Raúl cruzó los brazos. Solo hizo un gesto afirmativo, aunque sus ojos no se apartaban de los de ella.

Verónica lo notó. Y avanzó un paso más.

—¿Y tú? ¿Te das permiso para rehacer algo?

—No entiendo a qué te refieres.

—Claro que entiendes —replicó ella, con una media sonrisa—. Hay algo en ti. Algo que se reprime, pero no desaparece. Un sentimiento que late... y que no terminas de aceptar.

Raúl frunció el ceño.

—Estás especulando.

—Estoy observando —lo corrigió—. Tu expresión cambia cuando Ximena está cerca. Se nota en tu mirada, en los silencios que haces, en cómo te incorporas inconscientemente, en esa media sonrisa que intenta contener lo que se te escapa por dentro.
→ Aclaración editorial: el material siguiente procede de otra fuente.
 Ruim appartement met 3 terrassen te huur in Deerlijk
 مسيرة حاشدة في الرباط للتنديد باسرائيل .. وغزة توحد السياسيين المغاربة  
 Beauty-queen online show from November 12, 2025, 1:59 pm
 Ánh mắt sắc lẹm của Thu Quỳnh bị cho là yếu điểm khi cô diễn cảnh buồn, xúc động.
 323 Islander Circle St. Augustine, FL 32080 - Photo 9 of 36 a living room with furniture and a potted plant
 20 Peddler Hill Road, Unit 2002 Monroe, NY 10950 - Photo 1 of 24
Raúl desvió la conversación con un intento de neutralidad.

—Ximena es admirable. Te lo he dicho antes. Pero está casada.

—¿Admiración? —Verónica se inclinó ligeramente—. ¿Eso es lo que sientes?
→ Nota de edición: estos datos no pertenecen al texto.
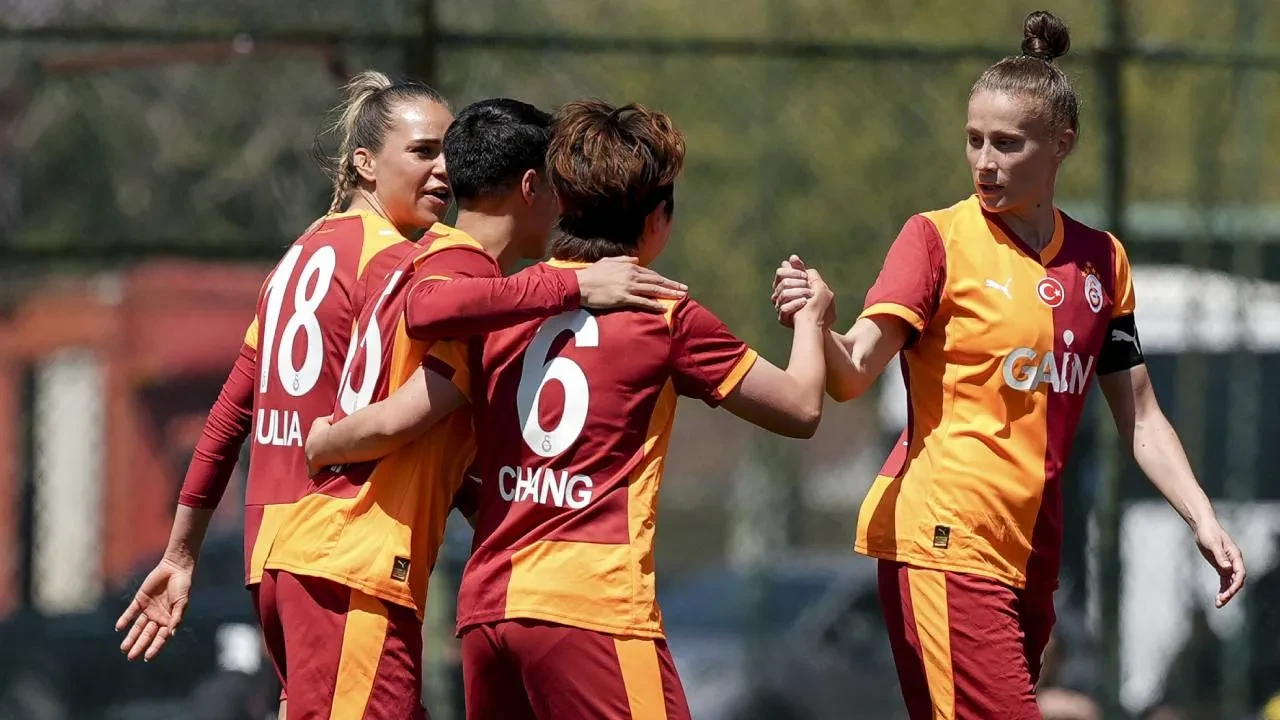 Galatasaray derbide Fenerbahçe'yi devirdi! Sarı-kırmızılılar, zirvede puan farkını düşürdü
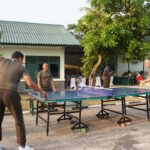 Pangdam II/Swj Mayjen TNI Ujang Darwis bersama para pejabat utama Kodam II/Sriwijaya mengikuti olahraga bersama dan nonton bareng Piala Dunia 2026 di Makomlekdam II/Swj Palembang sebagai upaya memperkuat soliditas, sportivitas, dan sinergi antar jajaran Kodam II/Sriwijaya. (Foto: Yulie)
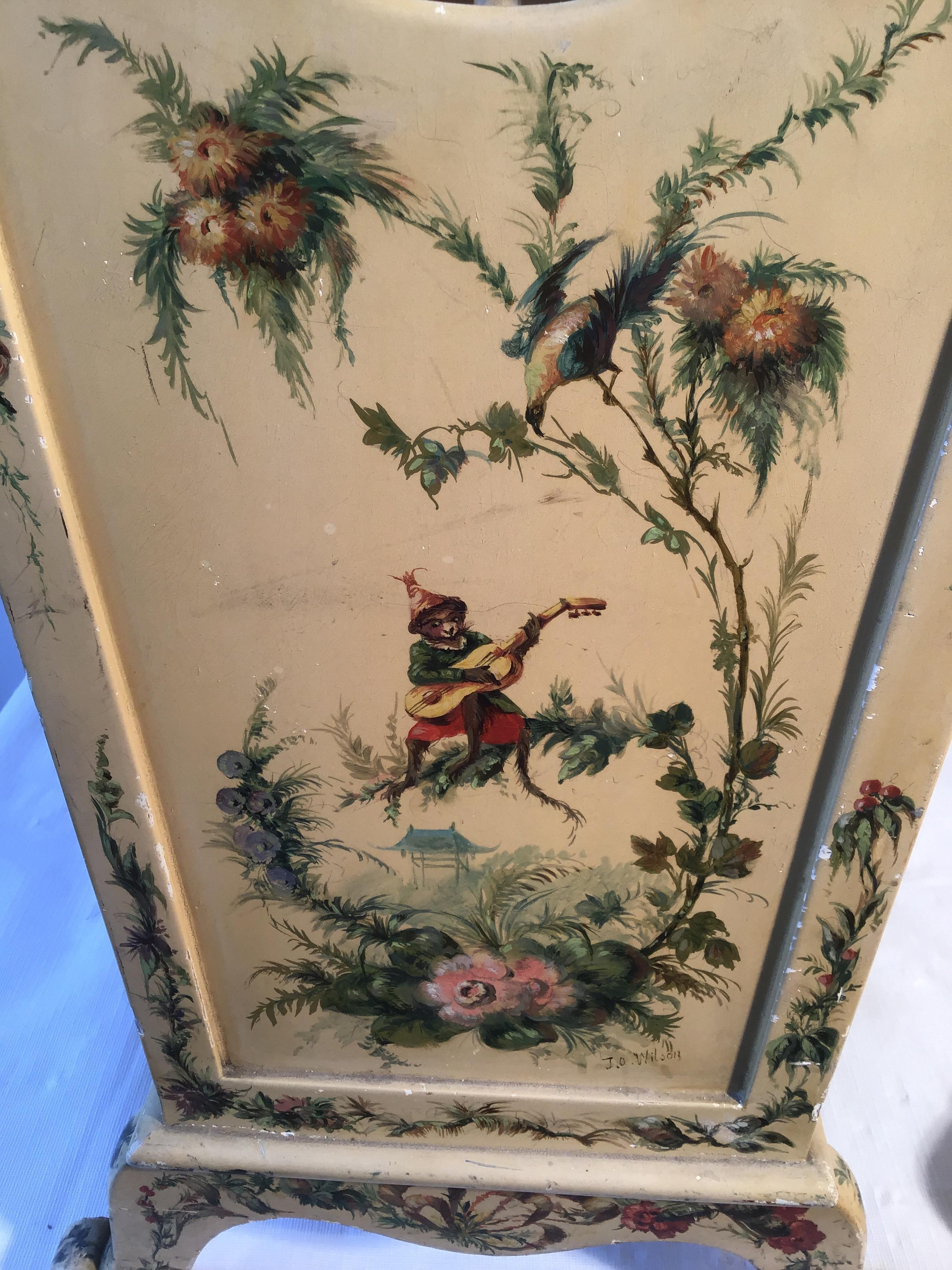 1940s Chinoiserie Hand Painted Magazine Holder For Sale 10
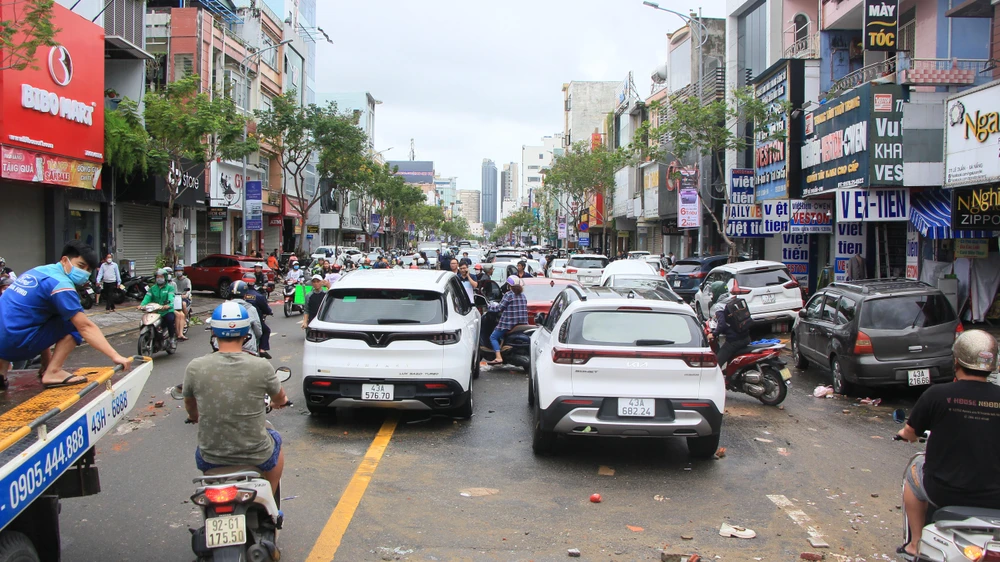 Tại đường Lê Duẩn xe ô tô chết máy nằm la liệt một đoạn dài khiến giao thông cũng bị ách tắc-Ảnh: NGÔ QUANG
Raúl guardó silencio. Apretó los labios. Sabía que ella no se detendría.

—¿Y si te dijera que lo que se te nota... no es admiración? Es tensión cuando ella está con Julio. Es una sombra que cruza tu rostro cuando la ves sonreírle. Es ese rastro de rabia que no pronuncias, pero que vibra en el aire cuando escuchas que alguien la llama "amor".

Raúl bajó la mirada. Y entonces, sin dureza, apenas con un hilo de voz, lo dijo:

—No lo busqué. Solo ocurrió. Y sí. Estoy enamorado de Ximena.

El silencio se instaló como un telón. Verónica no se sorprendió. Solo sonrió. Lenta y profundamente.

—Al fin lo dijiste —murmuró—. Solo hacía falta que alguien te mirara bien. Tú puedes mentir con palabras, pero no con la forma en que respiras cuando ella entra en una habitación.

Raúl se frotó la nuca. Se sentía expuesto, vencido por su propia verdad.

—Y antes de que digas algo más... lo sé. No está bien. Está casada. Y yo no debería sentir esto.

—Pero lo sientes —susurró Verónica—. Y ahí está tu fragilidad.

Se levantó con elegancia, dejó la cucharilla sobre la mesa y bajó el tono aún más:

—Por eso, Raúl... tarde o temprano, me vas a deber algo más que una conversación. Recuerda nuestra apuesta. Lo que te pedí aún no ha sido cobrado.

Raúl tensó la mandíbula.

—¿Qué es exactamente lo que quieres?

Verónica no respondió. Caminó hacia la salida. Antes de cruzar la puerta, dijo sin volver el rostro:

—Cuando llegue el momento, lo sabrás. Por ahora sigue amándola en silencio.

Y se fue. Como si nada. Como si no acabara de desmantelar a uno de los hombres más controlados que había conocido. Porque Verónica no necesitaba armas. Le bastaban las palabras.

Desde una de las esquinas más sombrías del restaurante, Natalia observaba con atención cada gesto de Verónica. A su lado, Renato —cubierto con una gorra, gafas y un abrigo oscuro— mantenía la mirada fija en Raúl, que escuchaba con una mezcla de desconcierto y resignación.